What You Need to Know About GPU Programming Before We Begin
The most important thing when working with parallel accellerators (GPUs and other) is to be aware that a large part of your code will run on a physically separate device, which also has its own working memory. It can not access data from the main memory, such as your objects, arrays, primitives and such. It also can not run your arbitrary program code (Java, C, R). Even if/when it could (Aparapi) it sucks at it big time, because it is made of thousands of very dumb processors that are excellent at one thing only - raw computations - and poor at everything else, including logic.
So, a typical approach is that your program consists of two parts: host and device. Host is a typical Clojure (Java) program that do the usual things Clojure programs do: talks to the web, formats and extracts data, does the database dance, recursively compute factorials, and perform other logic-heavy tasks. Then, when it has collected the data and stuffed it in a big raw chunk of a bazillion primitive floating point numbers it sends it to the device memory and tells the device to run the kernel programs and compute the data. When the main program wants to see the results, it has to transfer them from the device memory to the main host memory.
Obviously, if the computations are not intensive and demanding, the whole host/device communication might eat all the performance benefits. That’s why you should not bother to send two numbers to the GPU to be computed in microseconds (‘thanks’ to the communication overhead) when even Java would compute that in a nanosecond; in the same way as you should not call a REST service each time you need to add two numbers.

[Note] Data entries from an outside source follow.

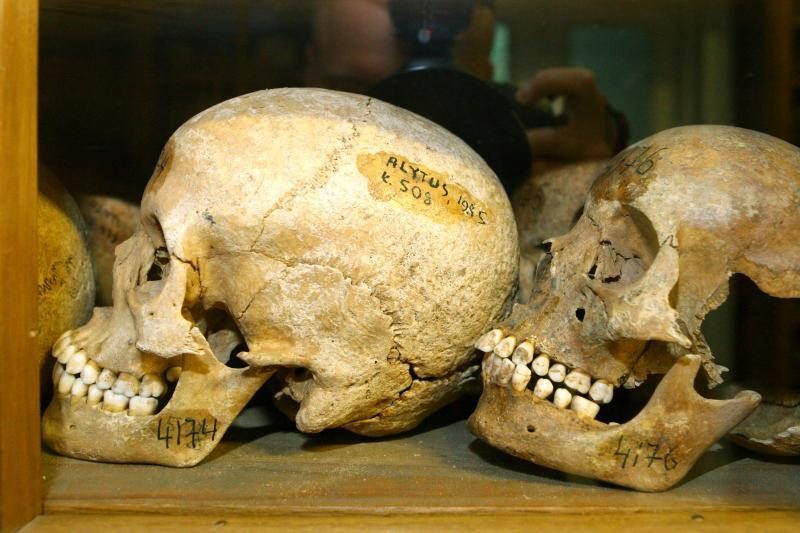 Kraupu: Šalčininkuose rasti galimai žmogaus kaulai ir kaukolės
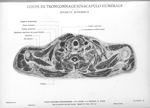 Planche 30. Coupe de tronçonnage sus-scapulo humérale. Segment supérieur - Atlas d'anatomie topograp [...]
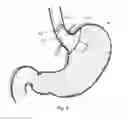 Fig. 10 - Bariatric device and method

So, the moral of this story is: avoid copying data to and from the device unless it is absolutely necessary. Even avoid the communication with the device unless it is absolutely necessary.

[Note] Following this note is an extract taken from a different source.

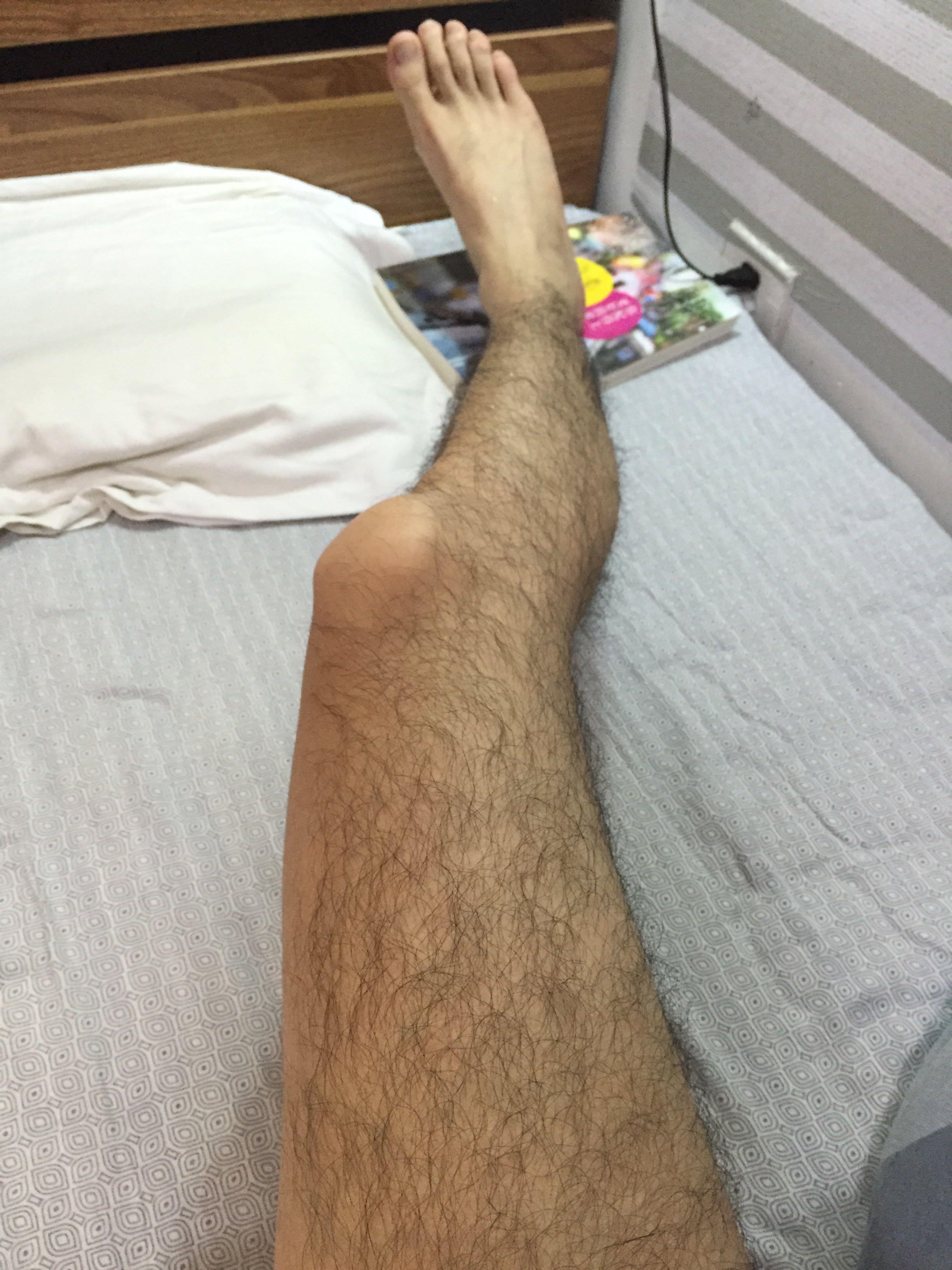 <em>体毛旺盛</em>是怎样一种体验? - 匿名用户的回答 -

The typical workflow would be: prepare the input data in your Clojure program and send it to the device. Then, call many Neanderthal and ClojureCL functions that work with that data without transferring it back. Only transfer the final result.

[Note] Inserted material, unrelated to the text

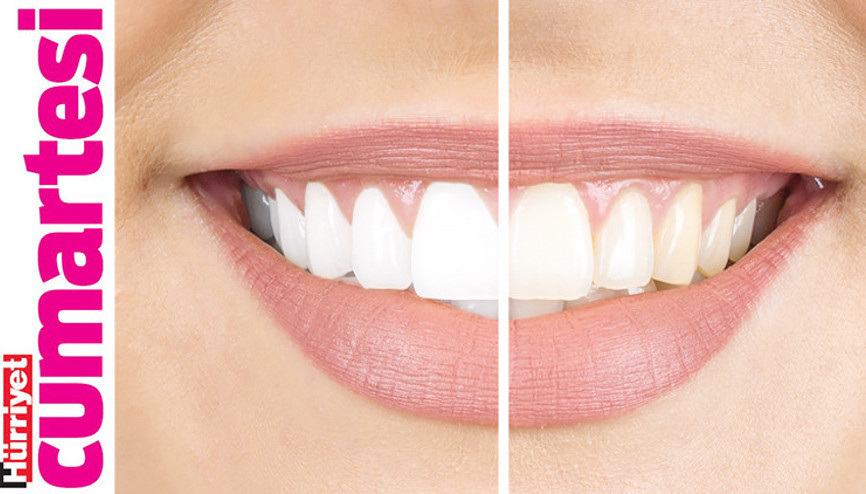 Hap macun, diş mendili, ağız duşu...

You’ll still write your algorithms in Clojure as any normal Clojure code, you just have to be aware that the data is actually on the device, and that the Neanderthal functions you call run the kernels (supplied by Neanderthal) that are on the device.
Require the Right Namespaces and Set up the Context
Functions for creating the appropriate OpenCL (that means GPU but also other accellerators) vectors or matrices are in the
Import the appropriate namespaces:
core for computation functions,
native for ordinary CPU constructors and
opencl for the accelerated stuff. We also need to discover and set up the device, so we need
And, to be sure that this code is always in the proper working condition,
I’ll write a bunch of midje test facts and include them in the test suite.
Therefore, do not mind these
=>s - they’re not part of Neanderthal.
(ns uncomplicate.neanderthal.examples.guides.tutorial-opencl-test (:require [midje.sweet :refer [facts => truthy]] [criterium.core :refer [quick-bench with-progress-reporting]] [uncomplicate.commons.core :refer [with-release]] [uncomplicate.clojurecl.core :refer [with-default finish!]] [uncomplicate.neanderthal [core :refer [asum dot axpy! mv! mm! transfer! copy]] [native :refer [sv sge]] [opencl :refer [with-default-engine clv clge]]]))
To be able to communicate with the GPU, we need to connect to the device drivers via the ClojureCL library and create appropriate contexts and queues through which we can fine tune the computation executions. Neanderthal can also work with the default setting, which we’ll do here because we do not need all the ClojureCL knobs for the beginning.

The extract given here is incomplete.